Le Congrès accueille le programme culturel ¡Viva Goya! dédié au peintre aragonais universel, dont le bicentenaire de sa mort aura lieu en 2028. Ce programme culturel inclut des projections de films, expositions muséales, visites guidées et spectacles sur la musique et la danse à l’époque de Goya. Il se termine par une rencontre informelle I, Yo, J💙 Les Lumières, accompagnée de musique, danse et conversation.

Les actes sociaux incluent le cocktail de bienvenue et le dîner officiel du Congrès.

Le programme général du Congrès sera élaboré à partir des contributions soumises par ceux et celles qui souhaitent y participer. Chaque intervenant.e peut proposer une session thématique et participer aux tables rondes, mais doit proposer, au maximum, deux communications : l’une pour le programme général ou les Humanités Numériques (HN) et l’autre pour le programme Croissance en tant que communauté scientifique (CCS).
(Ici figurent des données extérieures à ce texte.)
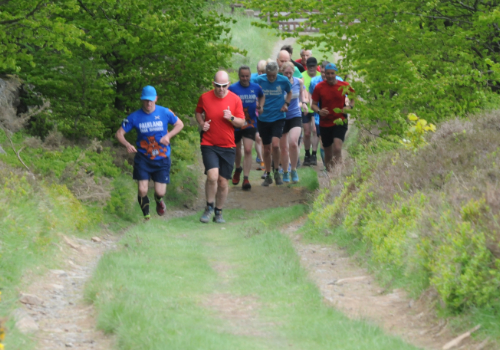 Photo of a group of runners tackling a hill.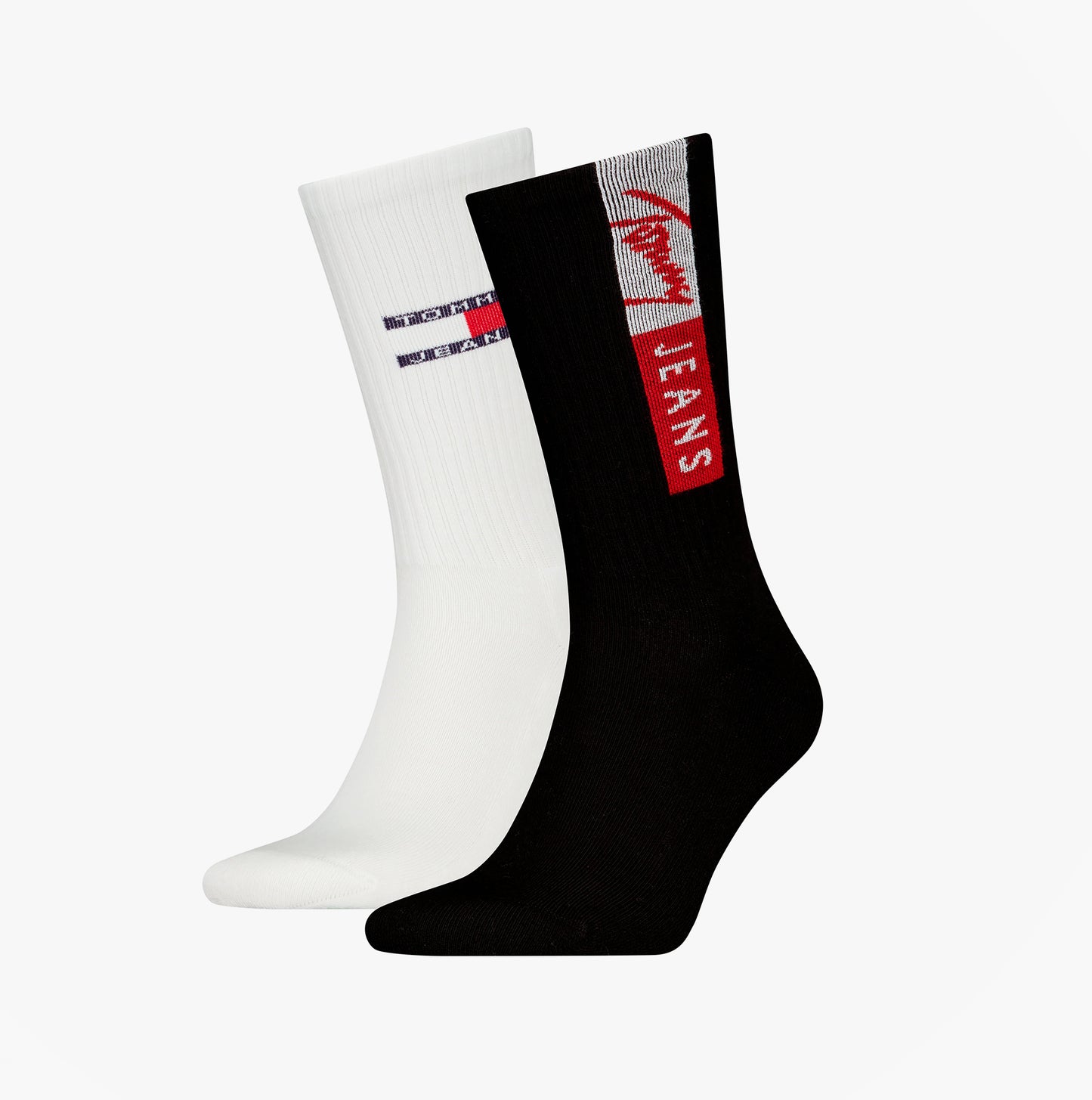 Tommy Hilfiger 2 Pack Flag Trainer Mens Crew Socks Black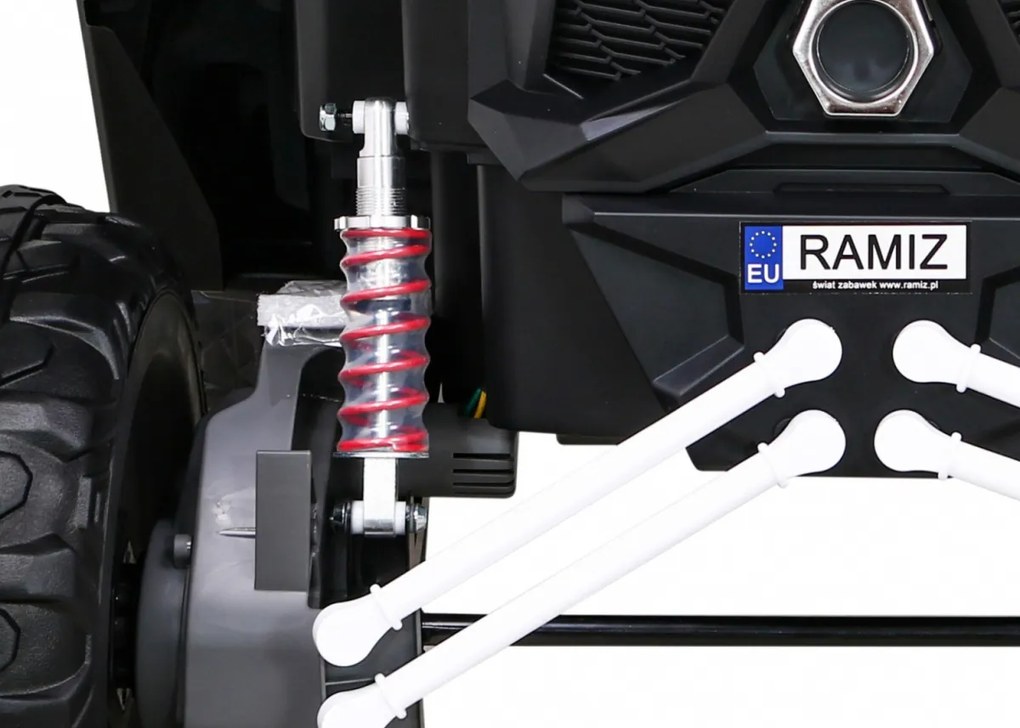 Ramiz Elektrická bugina UTV-MX pre deti biela + pohon 4x4 + diaľkové ovládanie + LED a audio + úložný priestor + EVA + pomalý štart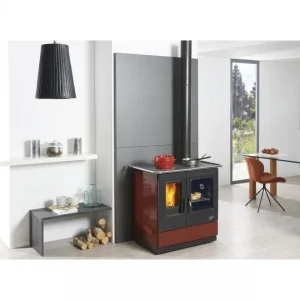 Cuisinière à Bois 6.5kw Rouge – 241100carmin – GODIN 9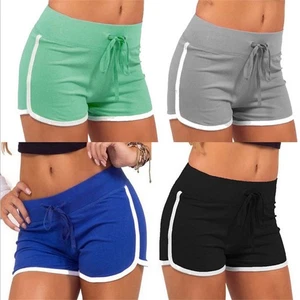 Casual Split Summer Short Women Leisure Elastic Waist Shorts Loose   Yo-Ga Side - Picture 1 of 15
Le programme général avec le déroulé détaillé et quotidien des sessions durant le Congrès sera publié au printemps 2027, aussi vite que possible. 

Les participant.e.s au Congrès doivent s’inscrire en ligne et payer les frais d’inscription. Ces deux démarches sont obligatoires pour que leur contribution figure sur le programme définitif et qu’elle puisse être présentée. Il n’est pas possible de s’inscrire en dehors de l’application en ligne ni sur place, pendant la tenue du Congrès.

Veuillez noter que les inscriptions pour tous les intervenant.e.s (sessions thématiques, tables rondes, communications et posters) doivent être soumises avant le 15 mai 2027 et pour les autres participants avant le 15 juin 2027.                                                            

Pour des raisons d’organisation, le Congrès demande aux participant.e.s de s’inscrire le plus tôt possible afin de pouvoir se bénéficier des frais d’inscription réduits, proposés jusqu’au 28 février 2027.